[DATA SECTION]
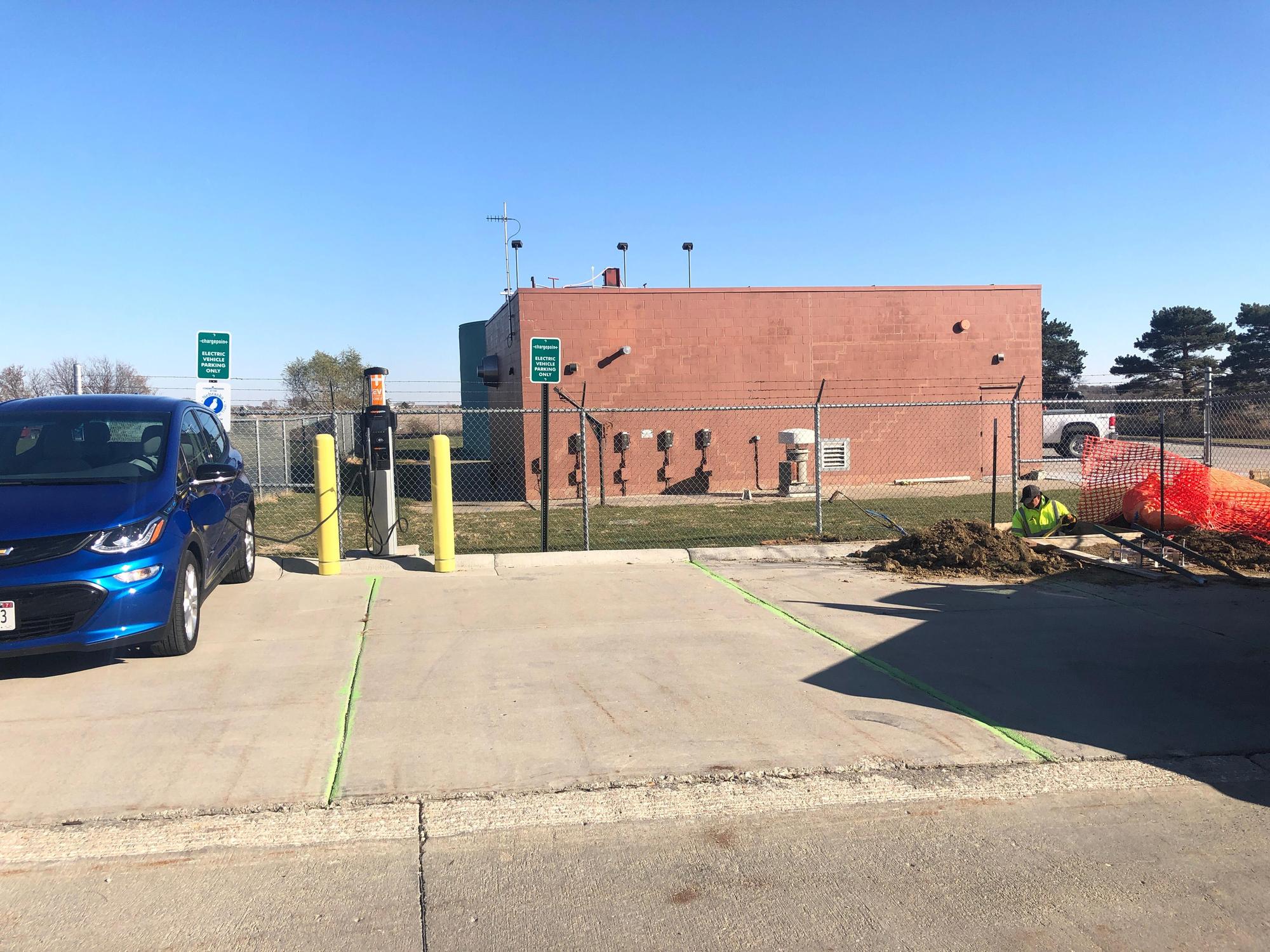 Nebraska Crossing Outlets PlugShare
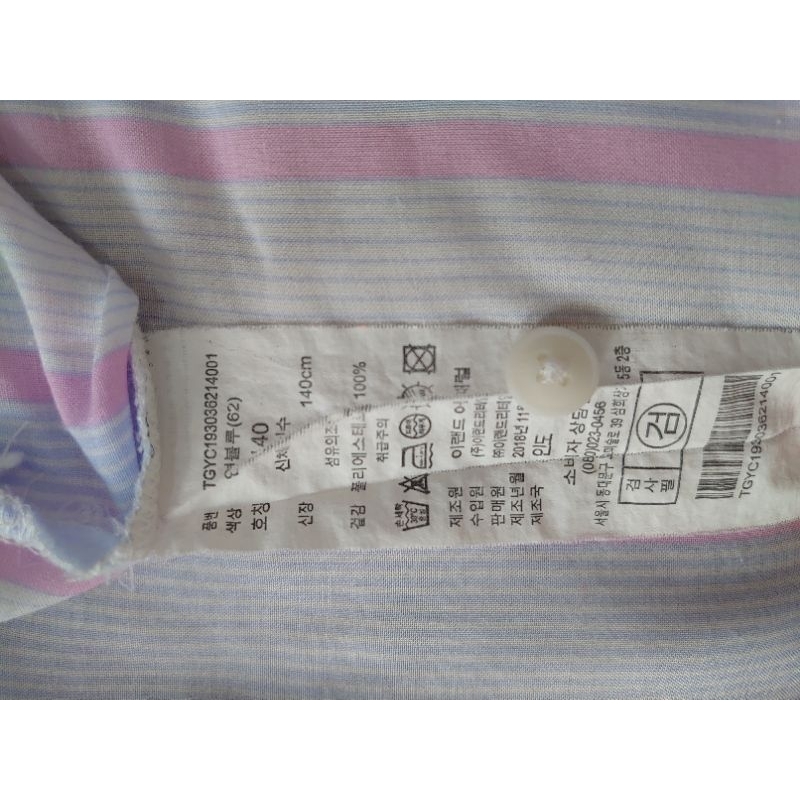 Áo sơ mi nữ Hàn The Day Girls kẻ sọc xanh phối hồng tay dài có dây xăn tay áo và 1 túi trước ngực in hình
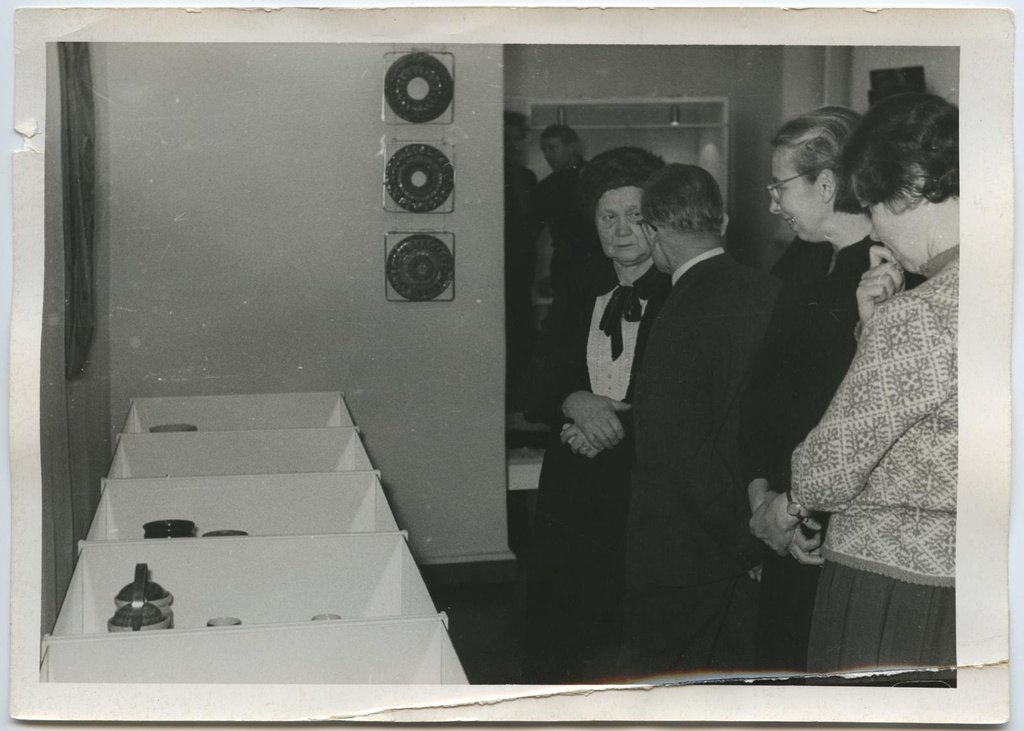 Põltsamaa filiaali ekskursioon vabariiklikul tarbekunsti näitusel 2. veebruaril 1969. Vaade näitusesaali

[AIM OF THE EXERCISE] Print all of the data exactly, and do not carry over any pictures.

[TASK ANSWER]
 Nebraska Crossing Outlets PlugShare
 Áo sơ mi nữ Hàn The Day Girls kẻ sọc xanh phối hồng tay dài có dây xăn tay áo và 1 túi trước ngực in hình
 Põltsamaa filiaali ekskursioon vabariiklikul tarbekunsti näitusel 2. veebruaril 1969. Vaade näitusesaali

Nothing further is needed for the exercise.